子供たちに「放課後に誰と過ごしていますか?」という質問に対する答えが……なんと……17.8%の子供たちが、「一人で過ごしている」と回答したのです。学校が終わったら、ずっと一人。そんな子供が大阪では17.8%!

ちなみに、その結果……「家に帰ってから勉強をしていますか?」という質問に対しても「全くしない」と回答した子供が小学5年生で6.8%。中学2年生では信じられないことに、13.6%!!!
13.6%が家で、1秒も勉強しないのです。中2でよ??

もちろんこれは全国的にも最低レベルの数字で、全国平均の数字と比べると、なんと2倍以上という数字です。

ムチャクチャです。

大阪はいい所もたくさんありますが、子供たちを取り巻く環境は、日本の中で最低クラスなのです。
親は子供の勉強を見てあげるべきです。
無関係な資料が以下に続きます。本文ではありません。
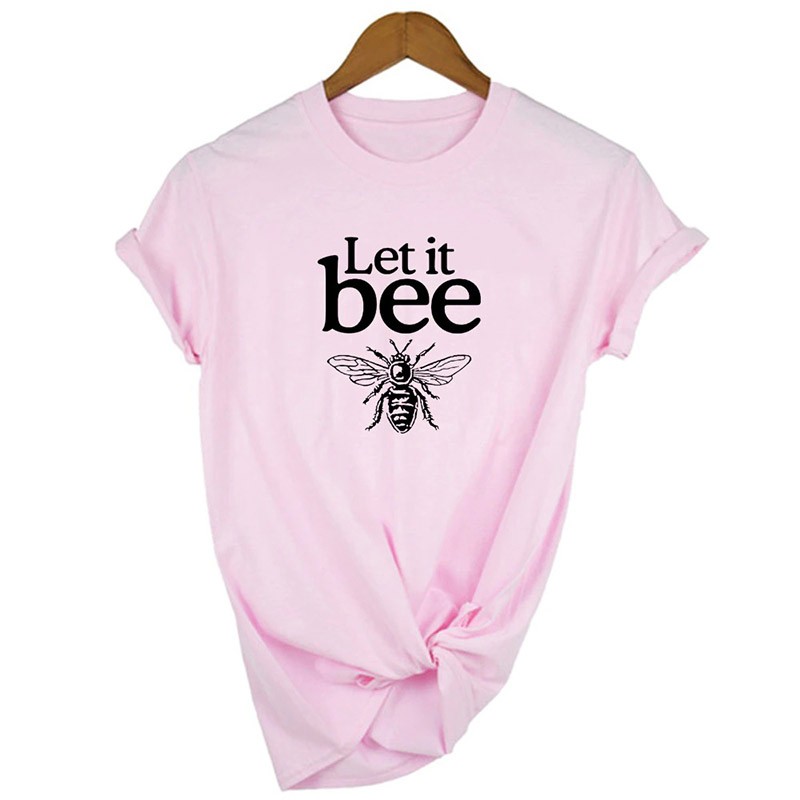 T-shirt Abeille Let it BEE à manches courtes pour femme modele 2 rose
何より、夕食も食べられないって……異常です。こんなデータは、もはや先進国と言える数字ではありません。

私は、けっこう冷たい人間でして、自業自得だったり努力不足だった「大人」が苦しむのは、かなりの部分で自己責任だと考えている人間です。
しかし、そんな冷たい私から見ても、子供は守らなきゃいけないと思う。子供は国で、行政で守らなきゃいけません。先進諸国の、それは最低レベルの義務だと思うんですが、いかがでしょうか?